§ Your task
With the pictures removed, retype the lines from the one holding "Colorful cartoon donut" through the end of the records, exactly as written.

[Entries provided — start]

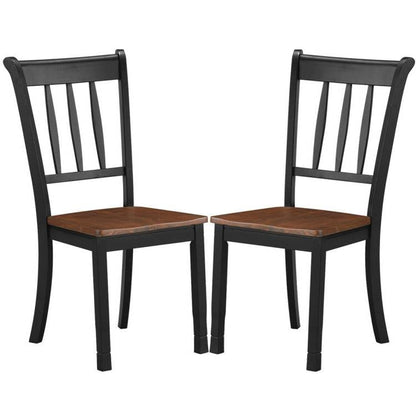 Set of 2 Solid Wood Black Mission Style Armless Dining Chairs with Brown Seat - The Sturdy Wood Company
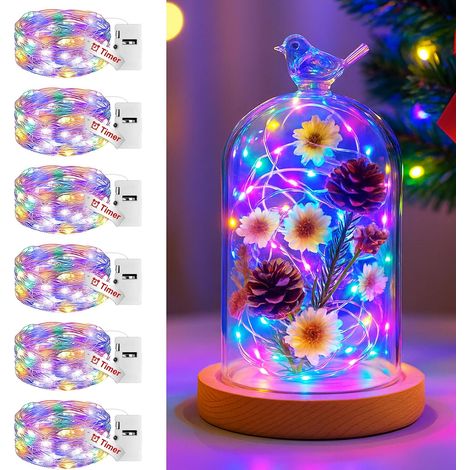 6 x guirlande led à pile, 2 m / 20 led, minuterie 6 h, étanche ip65, multicolore, pour intérieur extérieur fête mariage noël (1/5)
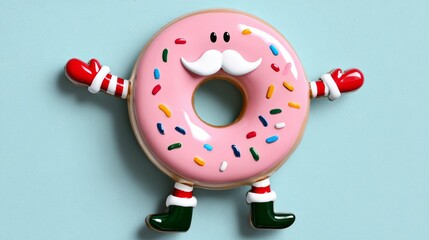 Colorful cartoon donut character with a pink frosting, sprinkles, and festive gloves and boots, standing cheerfully against a light blue background, embodying a playful holiday spirit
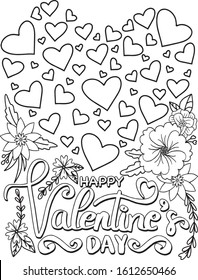 Happy Valentine's day font heart and flowers elements. Hand drawn with inspiration word. Doodles art for Valentine card or greeting card. Coloring for adult and kid.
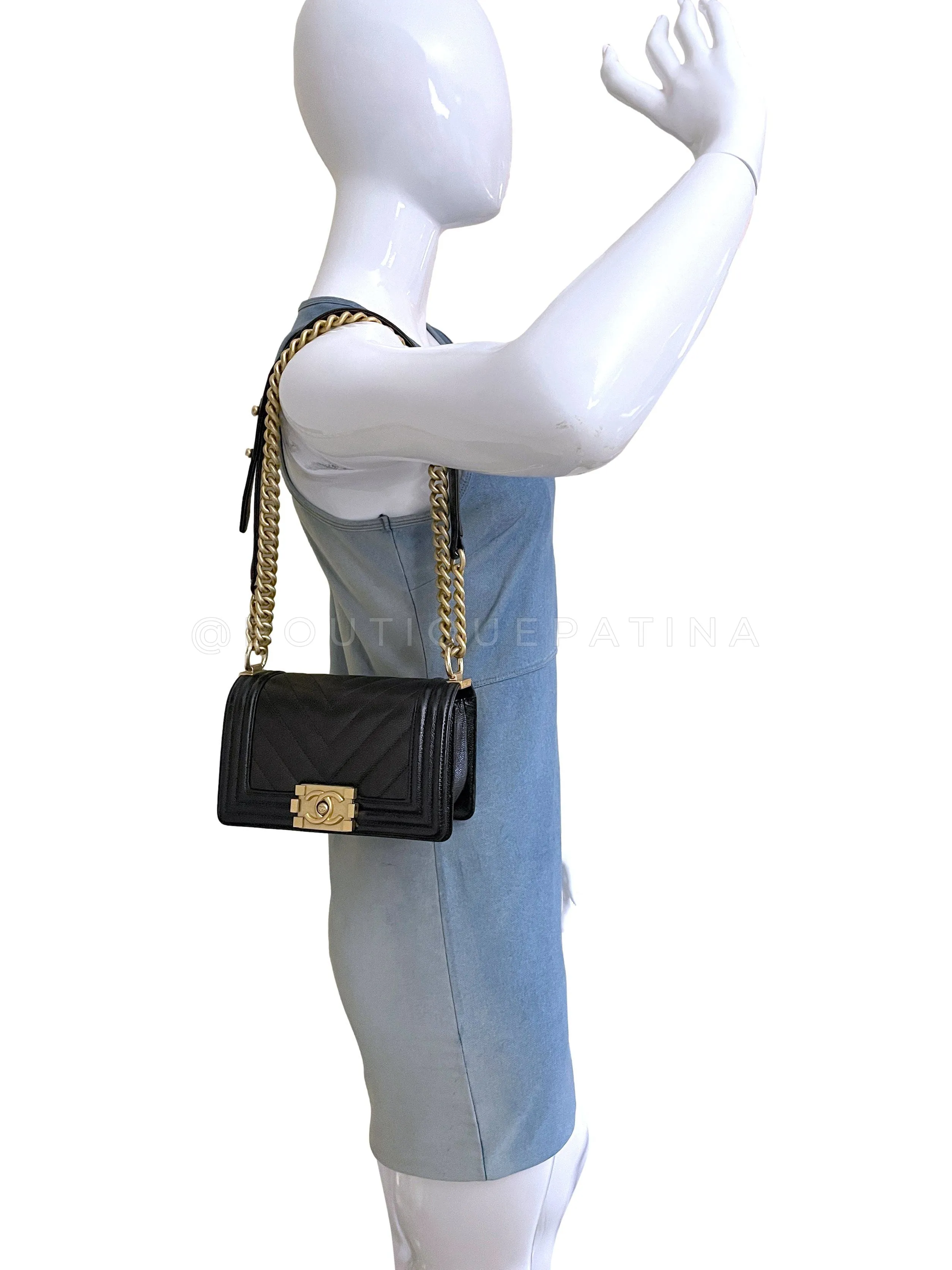 Chanel Black Caviar Chevron Small Boy Flap Bag GHW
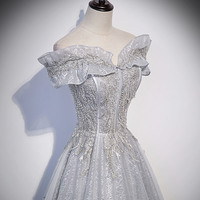 Gray tulle lace long prom dress A line evening gown - Thumbnail 1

[Entries provided — finish]

§ Written response
 Colorful cartoon donut character with a pink frosting, sprinkles, and festive gloves and boots, standing cheerfully against a light blue background, embodying a playful holiday spirit
 Happy Valentine's day font heart and flowers elements. Hand drawn with inspiration word. Doodles art for Valentine card or greeting card. Coloring for adult and kid.
 Chanel Black Caviar Chevron Small Boy Flap Bag GHW
 Gray tulle lace long prom dress A line evening gown - Thumbnail 1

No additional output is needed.